Flight Three was a great performance by some of California's top wines, including he tight, young, but promising 1995 Maya (which must have at least two decades of life remaining), the brilliant 1996 Shafer Cabernet Sauvignon Hillside Select (also with 20 years of life left), the extraordinary 1991 Seavey Cabernet Sauvignon, which seems to go from strength to strength, revealing no signs of morbidity, and one of the great vintages of Beringer's Cabernet Sauvignon Private Reserve, the 1991. We finished the flight with two young and promising behemoths, the 2002 Bryant Family Vineyard Cabernet Sauvignon and the extraordinary 2002 Peter Michael Les Pavots. Interestingly, Chef Luc Meyer, who is dedicated to French wines, chose Les Pavots as his favorite wine of the flight. When I told him the winemaker was a Frenchman from Champagne, he smiled and said,

"I should have known."

The last flight was Syrahs from Australia and California, including an adolescent 1988 Penfolds Grange Hermitage. Although outstanding, it is not one of this renowned estate's great vintages. The 1994 Turley Petite Syrah Aida Vineyard was still youthful, just beginning to reveal some secondary nuances. It will last another 20 years. The youthfulness of the 1996 Ojai Vineyard Syrah Bien Nacido Vineyard suggested a wine that will age for many years, but I am not sure it will get any better. It is still intact as well as loaded. The 2002 Sine Qua Non Just For The Love Of It and 2002 Pax Syrah Alder Springs Vineyard The Terraces were both spectacular. The magnificent SQN cuvée boasts extraordinary floral characteristics intermingled with blackberries, cassis, and hints of licorice as well as wood. It is opulent and full-bodied, but if my instincts are correct, it is just beginning to close down in the mouth. Wow! What a great example of Syrah. The Pax The Terraces offering, from a cool Mendocino site, also showed extremely well, but it did not have quite the nuances of the SQN.

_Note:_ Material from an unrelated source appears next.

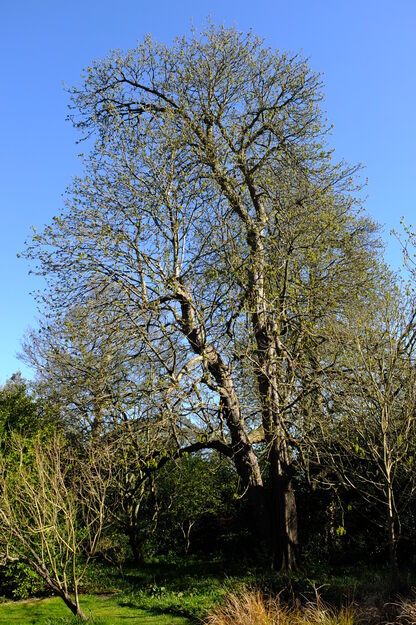 April tree photo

We ended the evening with one of my favorite dessert wines, the beautiful 100% Chenin Blanc 1995 Huet Vouvray Cuvée Constance. It was paired with an extraordinary warm apricot tart from Chef Luc Meyer, resulting in one of those marriages of wine and food that will be indelibly imprinted on my mind forever.

Thank you Luc Meyer, one of the purest and greatest guardians of traditional French cuisine, not just in the United States, but in the world. Thanks also to the generous contributors of the Cystric Fibrosis Foundation of Colorado.